I got this fabulous recipe from one of my cousins. It's the best homemade mac 'n' cheese I've ever had. If you want to make it Halloweeny, throw in some spiders:googly:

*Macaroni and Cheese for 20-25*

This recipe may be made all at once to be served immediately, refrigerated, or frozen. The sauce may be made ahead and frozen, defrosted, and mixed with freshly cooked macaroni.

¾ cup butter (1½ sticks)
¼ cup minced onion
1 cup flour 
1 T. salt
1 ½ tsp dry mustard
1 ½ tsp powdered ginger
2 qts milk (8 cups)
1 ½ t. Worcestershire sauce
2 oz crumbled blue cheese (adjust to taste)
2 lbs sharp cheddar cheese grated, finely sliced, or coarsely shredded
2 lbs (approx. 6 ½ cups) elbow macaroni

Melt butter in 3 qt. (or larger) kettle, cook onion in butter until soft. Add flour mixed with salt, mustard, and ginger, and cook, stirring constantly until bubbly. Off heat, add milk, stirring or whisking continuously. Put back on heat and continue stirring until sauce thickens (takes a while!). Off heat, stir in Worcestershire sauce and cheeses. Stir until cheese is melted. Mix with cooked elbow macaroni.
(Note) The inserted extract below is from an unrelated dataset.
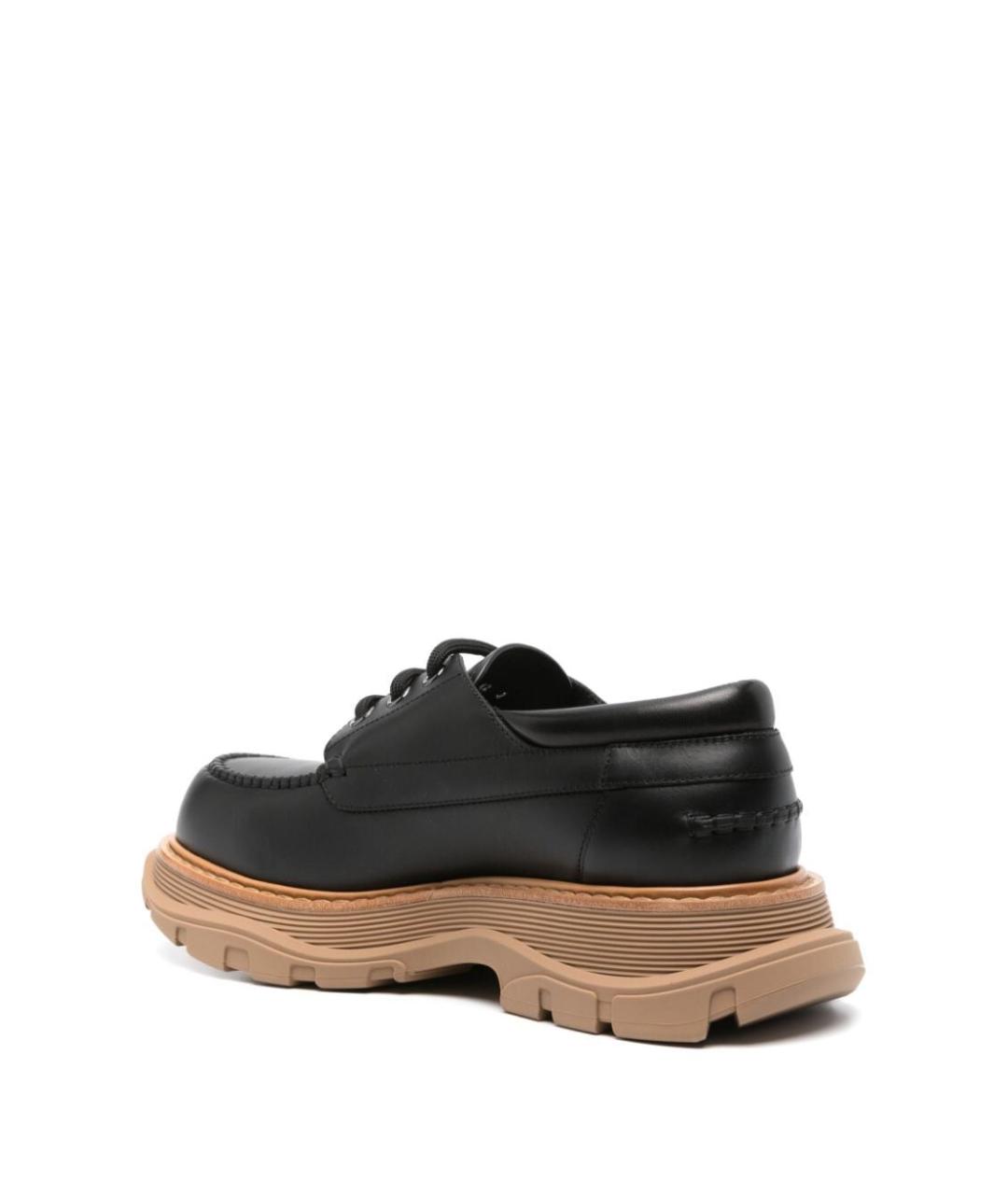 ALEXANDER MCQUEEN Черные кожаные низкие ботинки, фото 3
Bake in a 400 degree oven in two buttered 11" x 15" shallow pans, or three buttered 2 qt. casseroles, or two 3 qt. casseroles. Bake uncovered for 20 minutes, then covered (with foil if there is no cover) for an additional 15-20 minutes. If baked frozen, bake an additional 20 minutes.


----------



## fontgeek (Jul 24, 2006)

Thanks Roxy, that may come in handy!


----------



## kauldron (Oct 17, 2011)

Sounds like it would be pretty good Roxy. Thanks.


----------